I noticed the difference almost immediately. My breathing slowed. My thoughts got quieter. My eyes felt heavier in that soft, welcome way, the way they're supposed to feel before sleep. Sometimes I finish a piece, sometimes I don't. It doesn't matter either way. The point isn't the output, it's the process. Coloring creates just enough gentle focus to occupy the restless part of my brain without giving it anything to escalate.

What our community taught me
And I’m not the only one. As a cofounder of Lake, I’ve heard this first-hand from Lake users. One App Store reviewer wrote: "I turn on the music or relaxing nature sounds and begin coloring...no pencils rolling around, no struggle to keep a book open and no need for special lighting. It's the perfect way to end my day and prepare to relax for sleep." Another shared simply: "I really love this app, it’s so calming before bed each night and it’s so much fun to play around with colors and texture."
Reading things like this never gets old. There's something genuinely moving about knowing that a thing you built has found its way into someone's most private, quiet moments - the end of their day, right before sleep. That's not a use case we designed for on a whiteboard. It emerged naturally, from real people finding their own way to wind down.
What these stories have in common is the shift from passive consumption to quiet, creative engagement. You're not absorbing information. You're not reacting to anything. You're just making something small and beautiful, for yourself, at the end of the day.
A few things that made the difference for me
If you want to try this yourself, a few small adjustments helped me turn it into a real habit rather than a passing experiment:
- Dark mode is non-negotiable. A dark interface at night feels completely different - softer, more like candlelight than a spotlight.
- Notifications off before you start. Even if you don't look at them, the possibility of a notification is enough to keep part of your brain on alert.
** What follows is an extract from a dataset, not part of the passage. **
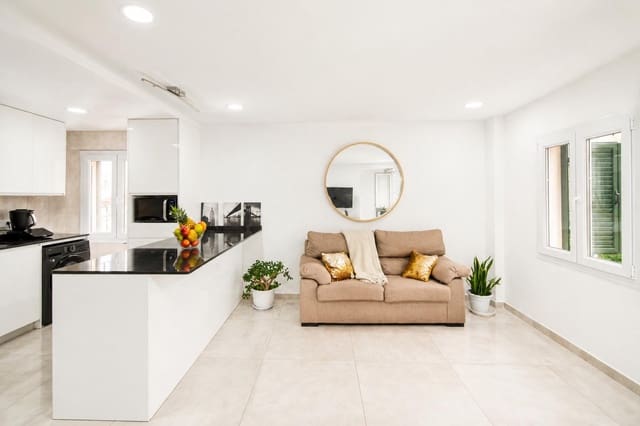 3 bedroom Flat for sale in Santa Catalina, Palma de Mallorca - € 365,000 (Ref: 9959760)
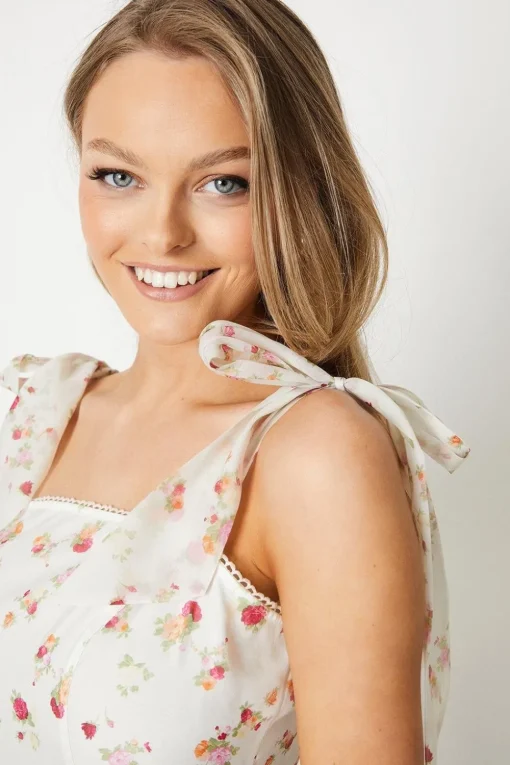 Ditsy Floral Tie Shoulder Organza Tiered Midi Dress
Removing that option entirely changes the quality of the experience.
- Keep it pressure-free. Don't pick a complex, detailed page when you're tired. Pick something loose and satisfying. The goal is to let your mind wander gently, not to produce something impressive.
- Give it ten minutes before judging it. The first few times I colored at night, I felt a little restless at the start. It took a few sessions to actually settle into it. If you try once and it doesn't immediately knock you out, give it a week.
If your mind is noisy at night
Sleep culture has made us think the solution is always something to take, something to play, or something to block out. But sometimes what works is something to gently do. Something that gives your mind just enough to hold onto while the rest of you catches up.
So if you're lying there with a buzzing brain and a phone in your hand, maybe try putting down the scroll and picking up some color instead. You might be surprised how peaceful it feels - and how quickly the quiet follows.